Celita Valerie Schutz (born 17 February 1968 in Houston, Texas) is an American judoka who competed in the 1996 Summer Olympics, in the 2000 Summer Olympics, and in the 2004 Summer Olympics on the women's team. She is a graduate of Yale University. class of 1990.

Schutz grew up in River Vale, New Jersey, where seeing her brother taking a lesson convinced her to take up judo at the age of six. She began training at a young age with Sensei Ogasawara at Kokushi Dojo, in Westwood, New Jersey.
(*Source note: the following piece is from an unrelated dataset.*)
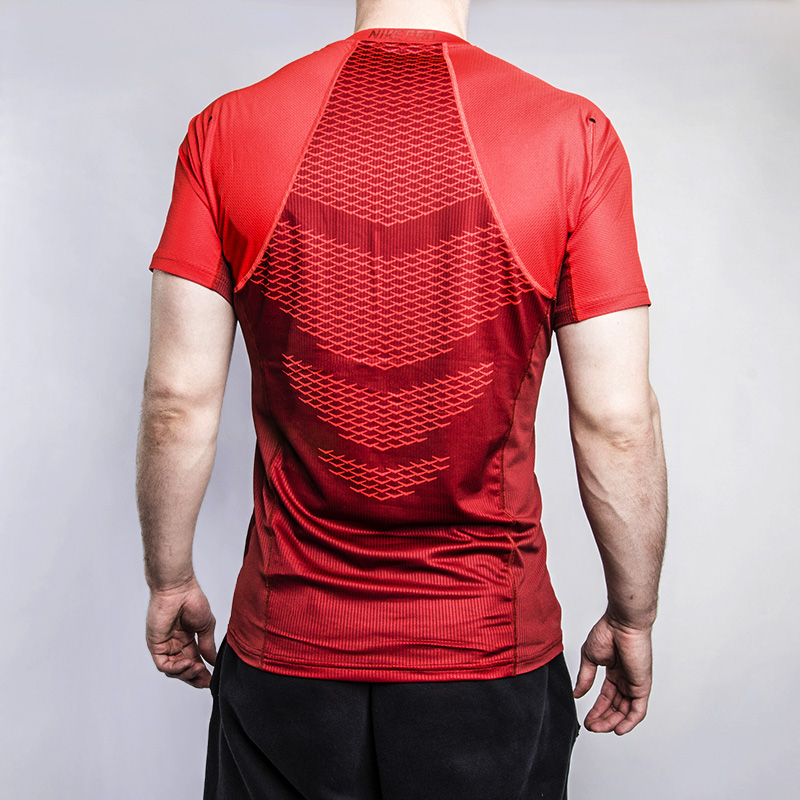 мужская красная футболка Nike Hypercool Training Shirt 828178-674 - цена, описание, фото 3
She became nationally ranked at age 14 and internationally ranked at age 16. While competing worldwide, much of Celita's extended international training occurred in Japan, Spain, Germany and Brazil. She became Captain of the 1996 US Olympic Women's Judo Team; held consecutive #1 ranking in the United States for seven years; and while accumulating medals from around the world, achieved highest ranking of 5th in the World with expert coaching of Sensei Matsumura, Technical Advisor of Kokushikai, Inc.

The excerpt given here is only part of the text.